I can't recall how many times I've read on Mormon websites that Ann Pitchforth (nee Hughlings)was Jewish. On the LDS site, there is an article by Paul Thomas Smith about John Taylor's mission to the British Isles. He says that "Elder Taylor rented quarters in the North Quay home of Mr. Solomon Pitchforth, a prosperous Jewish businessman" and later described Ann as Taylor's Jewish landlady.
Why did this error develop and perhaps more importantly why is it still being perpetuated 160 years after Ann's death?
Ann was the daughter of John Hughlings, a Collector of Excise, and had been born in 1801 at Grantham, her mother's home town. She had been educated as the daughter of a gentleman and was proficient at the piano having been taught by ‘the best German teachers’. For John Hughlings to have been a government official in the early nineteenth century, he would have had to be a communicant member of the Church of England.

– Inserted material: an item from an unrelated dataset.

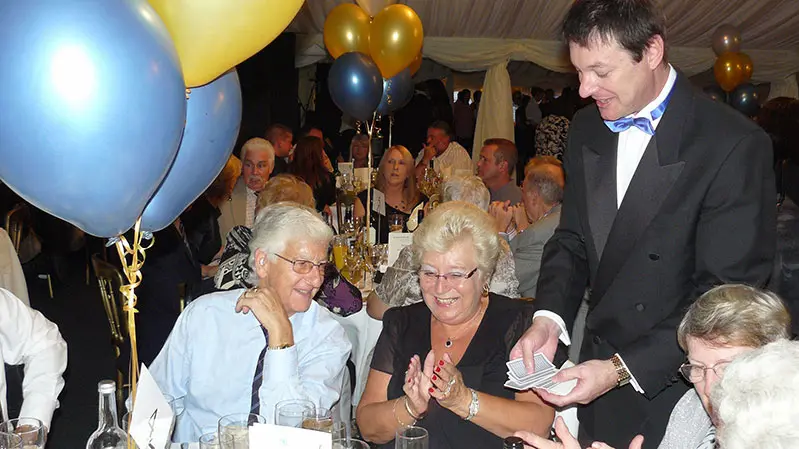 Corporate event with guests enjoying close-up magic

Solomon was the son of Solomon Pitchforth and his wife Mercy Crowther. Solomon and Mercy's marriage took place in Halifax Church on August 10th 1789 and Solomon's baptism was recorded on May 25th 1781 and his marriage to Ann Highlings took place in Elland Church on October 3rd 1825.
All the children of Solomon and Ann were baptised in Brighouse Church except the youngest who was born in the Isle of Man.
So all the evidence is that both the Hughlings and the Pitchforth families were solidly Christian.
The erroneous claim about Ann's religion stems from a letter she wrote to the LDS newspaper the "Millennial Star" after she arrived in America in which she described her “Jewish unbelieving heart.” But as David J. Whittaker in "John Taylor and Mormon Imprints in Europe, 1840–52" says it seems she was speaking figuratively rather than identifying her genealogical heritage.
Why does the error still persist after so long? Only the LDS can explain that!